About “Apple Push Notification service server certificate update”

Installing and checking your servers' certificates will be different for all kinds of OSs and may also be different based on the push application you are using.

This is something your server admins will know and should be able to check and configure as necessary.

Hi, I received an email about this issue today.

Some terms are confusing for me. Could someone please confirm my following understanding is correct?

As developers, what we should do:

1. We only need to update the CA Trust Store on our servers that communicate with APNs to include the new CA certificate.

2. No changes are required for:

• The APNS key (.p8 file)
• The legacy SSL certificates (.p12 file)

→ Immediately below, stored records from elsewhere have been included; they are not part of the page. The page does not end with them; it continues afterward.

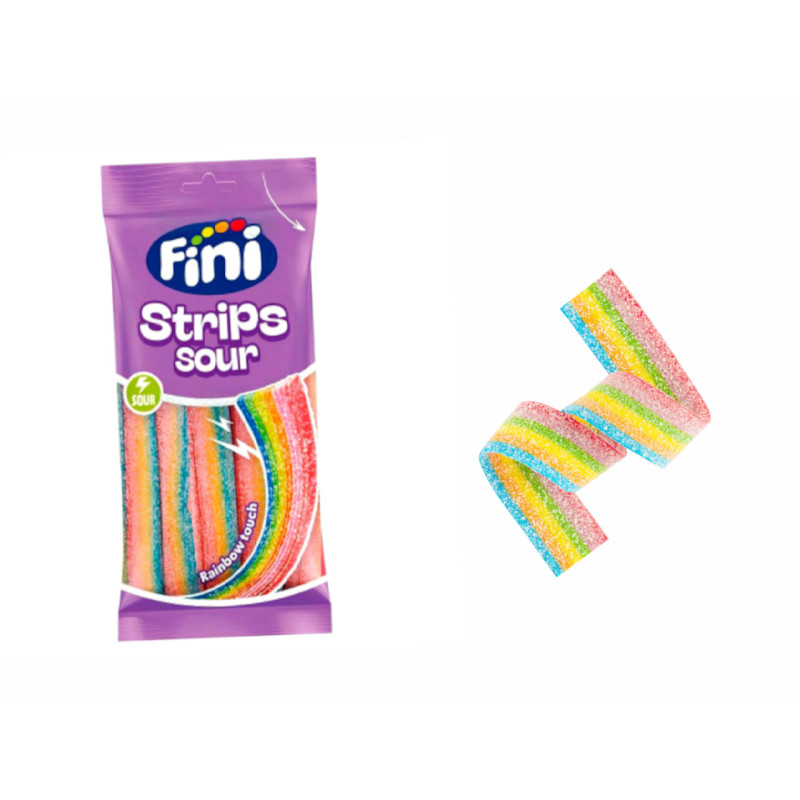 Strips lenguas multifrutas Fini (90 g.)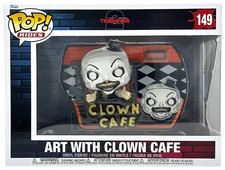 Terrifier 2 Art with Clown Cafe Deluxe Funko Pop Ride #149 Available FAST SHIP picture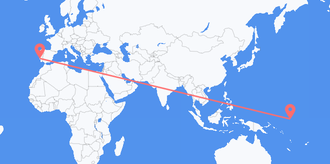 Flights from Nauru to Portugal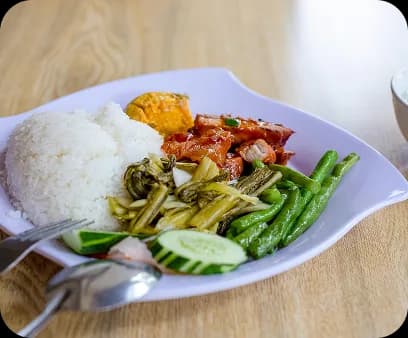 Thai Chicken Rice Plate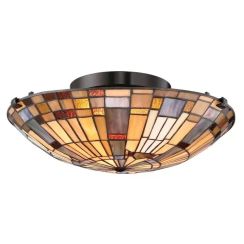 Elstead Lighting Inglenook Deckenlampe 2x60 W mehrfarbig QZ-INGLENOOK-F-SMALL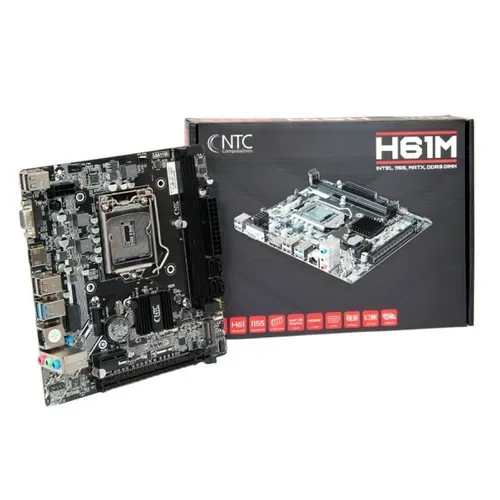 Placa Me Ntc H61m Lga1155 2xddr3 Chipset H61 Matx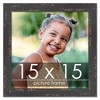 PosterPalooza | Square Shabby Chic Black Picture Frame - UV Acrylic, Foam Board Backing, Hanging Hardware - 2 of 4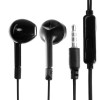 Наушники R-2, проводные, вкладыши, микрофон Jack 3.5 мм, кабель 1 м, чёрные (производитель не указан)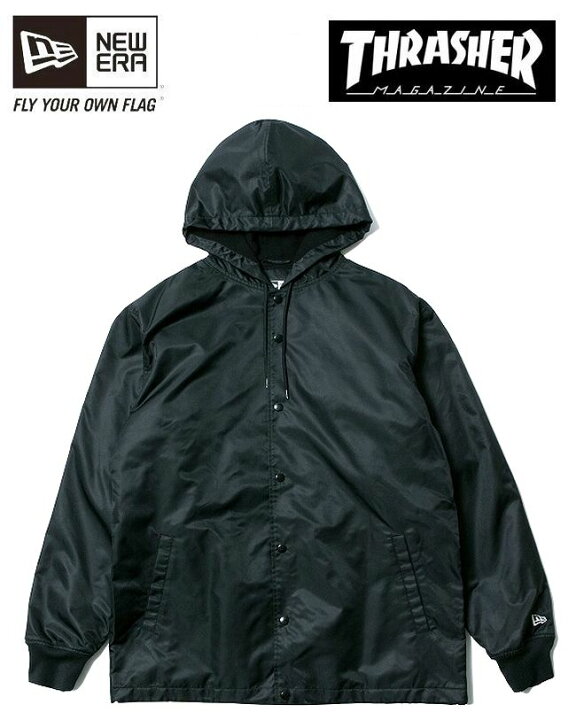 楽天市場】ニューエラ NEW ERA THRASHER HOODED COACH JACKET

Now it has been the sandbox test phase announced by Apple, my server has not added SHA-2 Root: USERTrust RSA Certification Authority certificate, and now the test push is can received. After adding, can still receive push, so how to verify whether the addition is successful? My certificate was downloaded from the website provided by APPLE

As apple instructed, we added it to the Trust Store of our server that handles push notifications. However, upon checking the content of the existing USERTrust RSA Certification Authority file already present in the Trust Store, we found it to be identical to the newly downloaded one.

Our server has been operational since April of last year, and the last update to Sectigo's USERTrust RSA Certification Authority file was in 2019.

Apple's instructions suggested maintaining both the old and new certificates concurrently to ensure a smooth transition. Given that the two certificates are identical, we are concerned. Is this acceptable?